[Opening PROVIDED INFORMATION section]
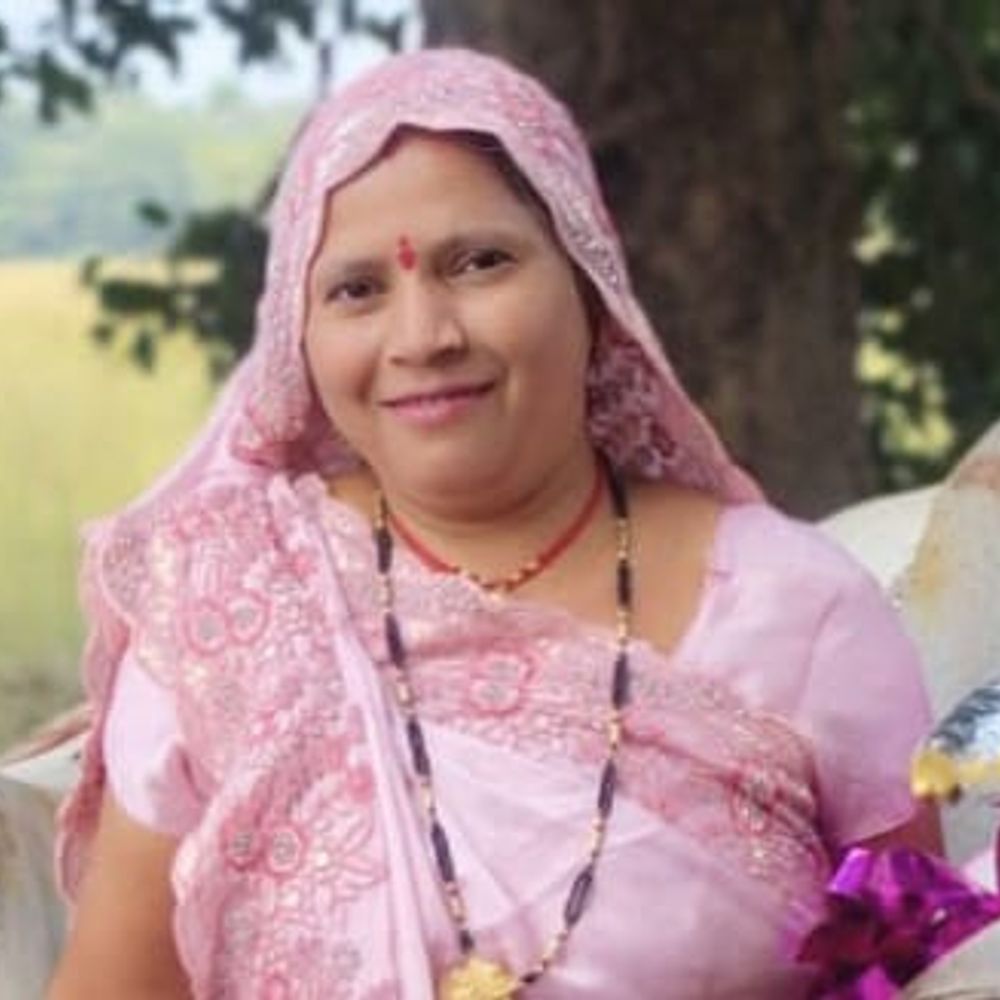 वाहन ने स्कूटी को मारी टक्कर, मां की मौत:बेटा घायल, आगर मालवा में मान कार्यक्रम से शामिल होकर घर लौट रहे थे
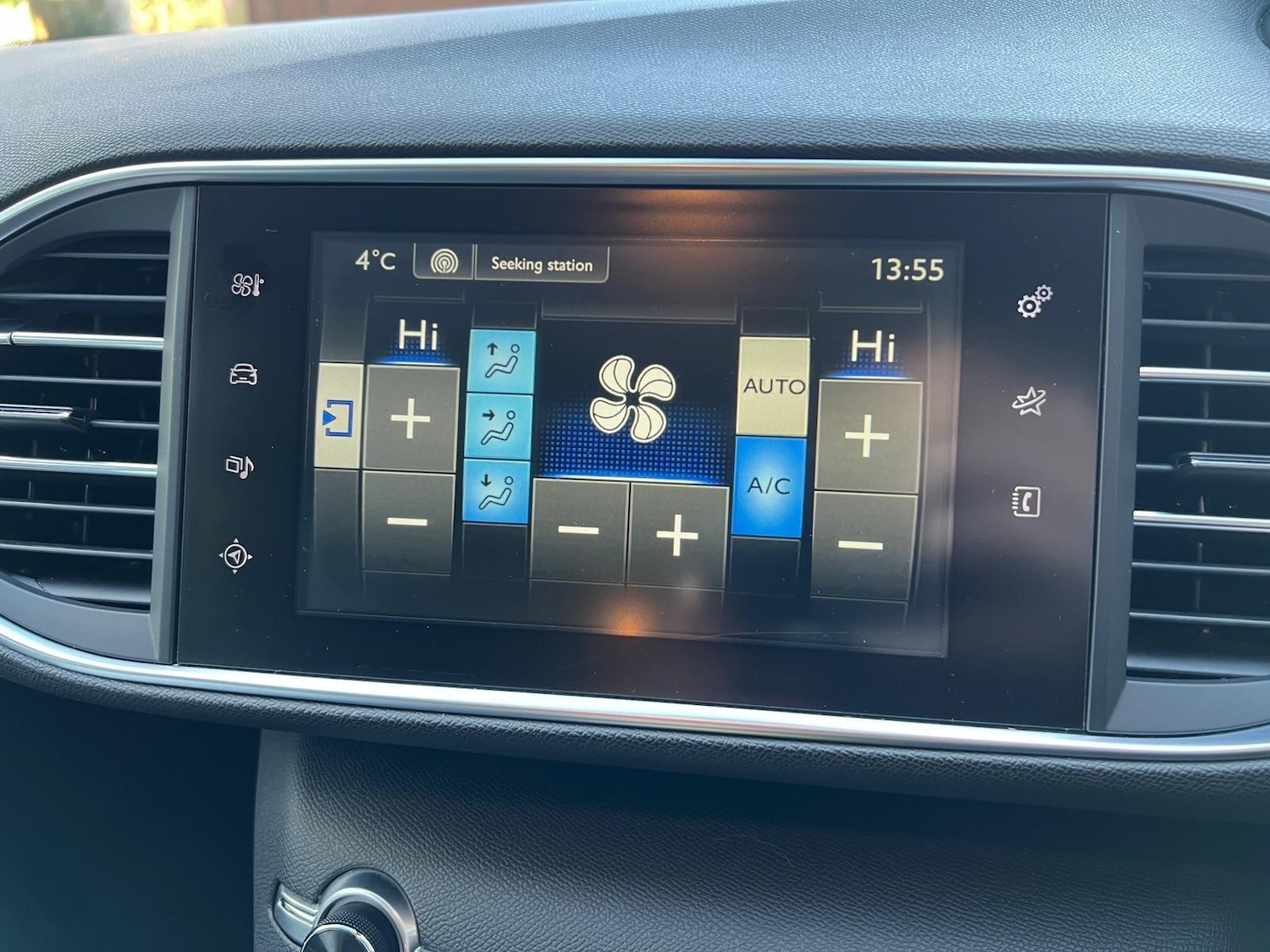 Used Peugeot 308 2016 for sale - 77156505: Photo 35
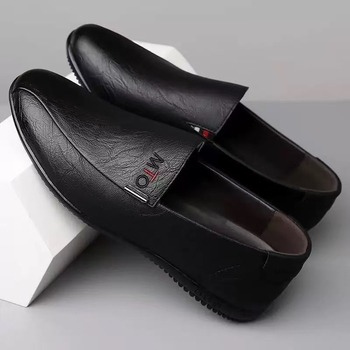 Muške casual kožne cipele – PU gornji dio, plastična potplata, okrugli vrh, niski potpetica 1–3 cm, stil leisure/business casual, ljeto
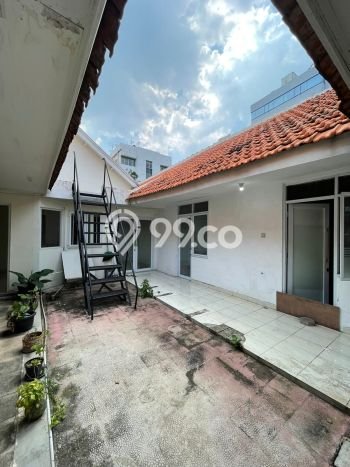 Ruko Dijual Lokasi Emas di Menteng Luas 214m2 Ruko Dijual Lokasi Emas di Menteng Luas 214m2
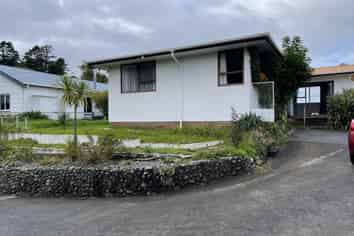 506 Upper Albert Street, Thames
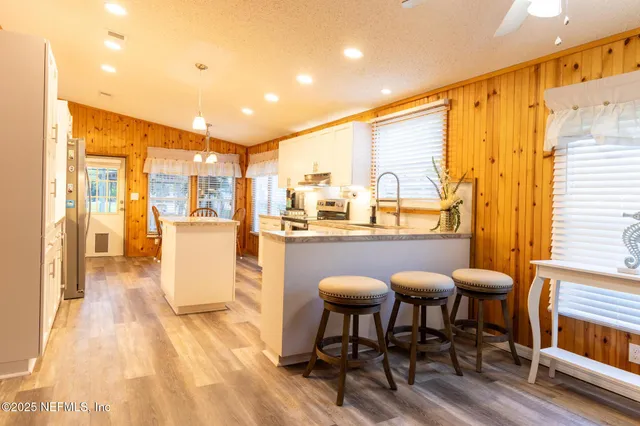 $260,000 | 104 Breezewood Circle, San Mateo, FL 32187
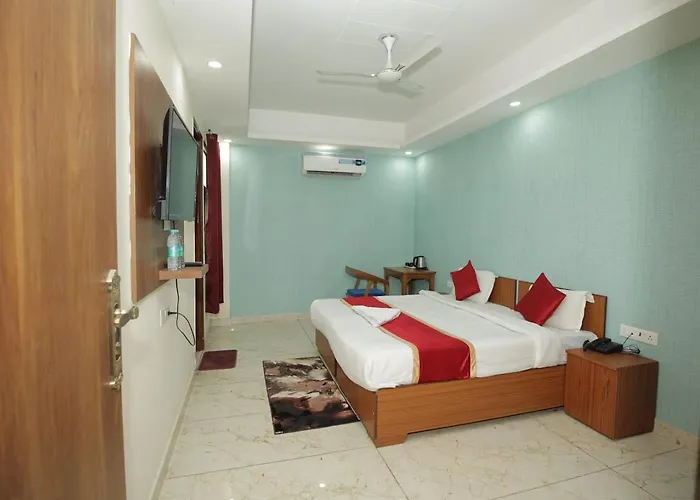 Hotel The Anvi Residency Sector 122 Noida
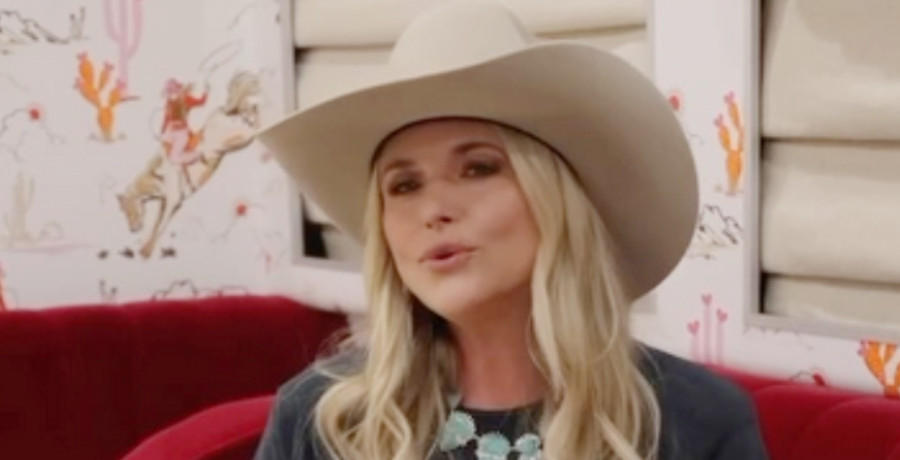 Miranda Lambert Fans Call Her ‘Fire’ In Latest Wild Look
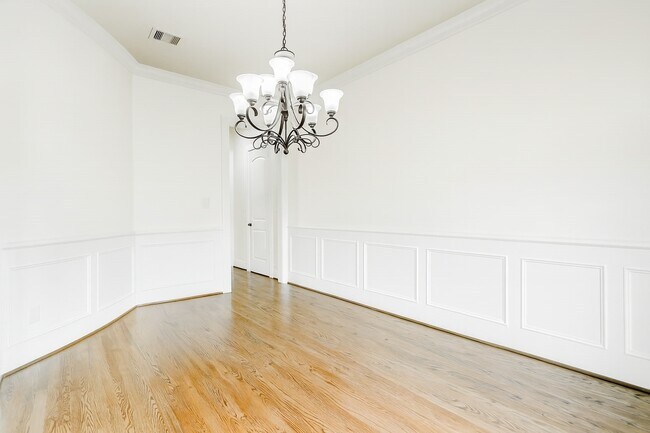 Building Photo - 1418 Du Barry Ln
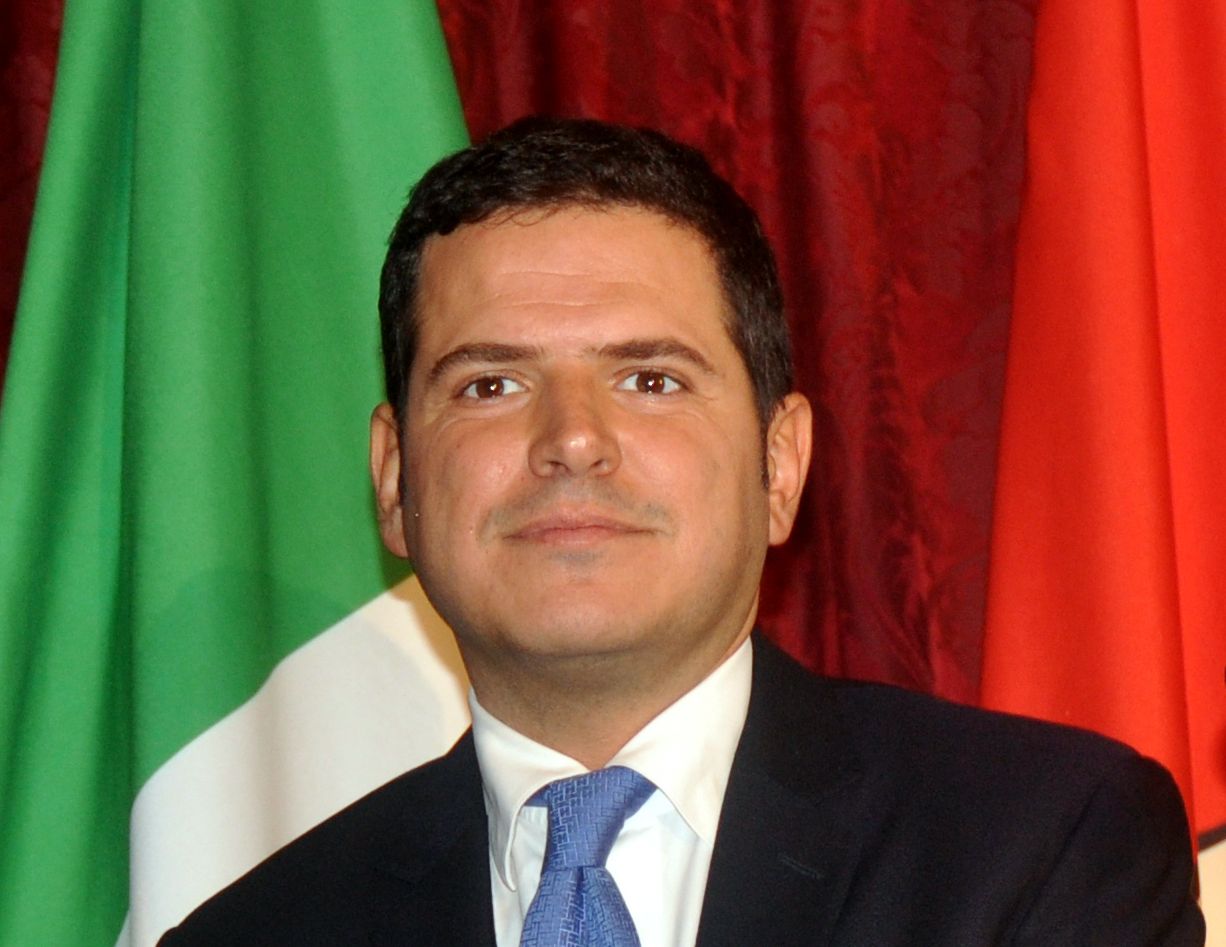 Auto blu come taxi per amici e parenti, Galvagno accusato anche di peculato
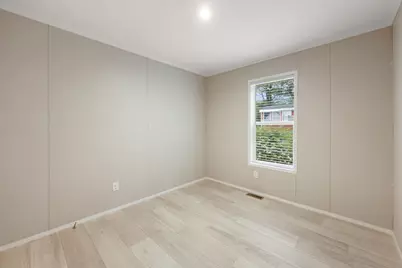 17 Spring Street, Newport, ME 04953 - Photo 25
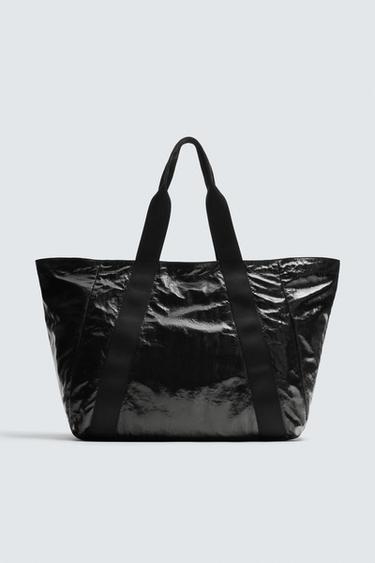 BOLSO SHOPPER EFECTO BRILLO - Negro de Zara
[Closing PROVIDED INFORMATION section]
TASK:
All lines from the line with "Used Peugeot 308" through the final line of the data, both included, are to be repeated exactly; no other lines and no pictures.

ANSWER TO THE EXERCISE:
 Used Peugeot 308 2016 for sale - 77156505: Photo 35
 Muške casual kožne cipele – PU gornji dio, plastična potplata, okrugli vrh, niski potpetica 1–3 cm, stil leisure/business casual, ljeto
 Ruko Dijual Lokasi Emas di Menteng Luas 214m2 Ruko Dijual Lokasi Emas di Menteng Luas 214m2
 506 Upper Albert Street, Thames
 $260,000 | 104 Breezewood Circle, San Mateo, FL 32187
 Hotel The Anvi Residency Sector 122 Noida
 Miranda Lambert Fans Call Her ‘Fire’ In Latest Wild Look
 Building Photo - 1418 Du Barry Ln
 Auto blu come taxi per amici e parenti, Galvagno accusato anche di peculato
 17 Spring Street, Newport, ME 04953 - Photo 25
 BOLSO SHOPPER EFECTO BRILLO - Negro de Zara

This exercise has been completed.